What do journalists very likely anywhere in the world use to find background information on the news? Wikipedia, right? Which kind of information will reporters from anywhere in the world need? Well: all that is in some way connected to the Olympic games ....

Now what would happen, if we start a project now, making it public to the press, that is about creating background information on the Beijing Olympic Games? That is making Wikipedia the most relevant information resource for background information for that event?

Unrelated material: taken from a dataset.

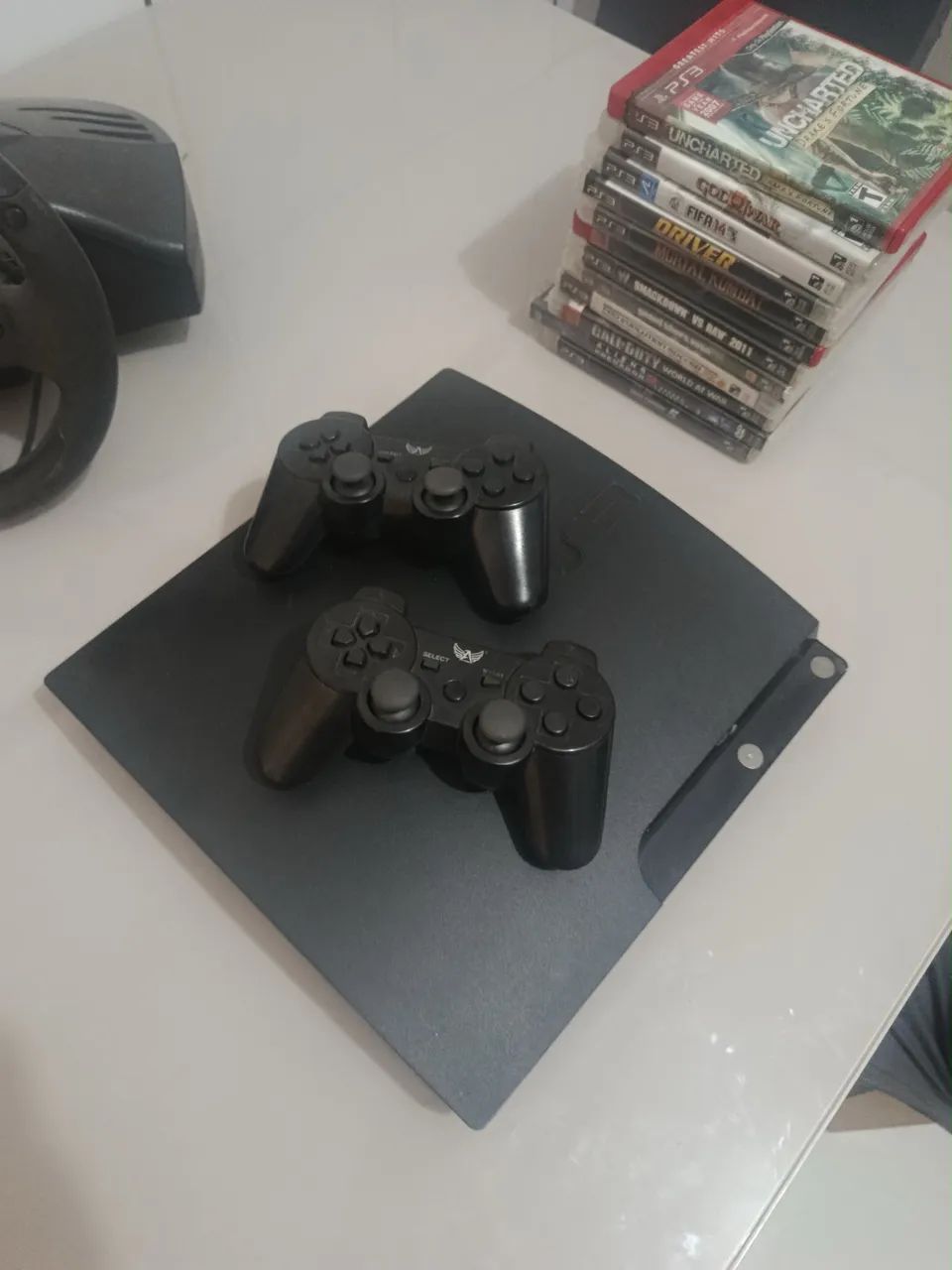 PS3 SLIM COM VOLANTE - Foto 2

What if we actively ask journalists to tell us which kind of information they would like to see and that the improvement on the articles and new articles are based on these questions?

What if these articles then are translated (or written) in as many languages as possible?

I believe that we have enough people who can help with such a giant project ... I believe that we have such a great community that has enough of that knowledge or is able to research the needed bits and pieces ... and that will save journalists loads of time, right?

Now ... do you believe that journalists who are going to save quite some time would also help us in some way? I would say: the likelyhood is very high. So what could they do for us? Well: help us to talk to people ... that's their job ... they can help us in different ways by telling the world that such a project is starting (now?) ...

1) they can and will attract readers and writers
2) they can talk about the fundraiser and ask people to remember that (donations) - don't forget: these people know how to get messages over ... so they could do it ... right?
3) the newspapers could grant some space to get our message in
4) people who read Wikipedia and follow the project that should then be very active during the fundraiser eventually (and hopefully) will see that the fundraiser is on and they donate ...

So: it is, in the end, all connected.

Maybe this is the way to involve a huge part of our community indirectly in the fundraiser?

And: it could also be a good opportunity to open a formal contact with the Chinese Olympic Committee ...

Btw. the press agency for Bejing will also follow the Earthrace - an event that wants to make biodiesel more attractive by tempting the world record of the world circumnavigation. There are some youtube videos around ... I also saw a presentation video a good week ago ... don't find the link right now - just search for Earthrace on youtube and you will find it ... it's quite interesting.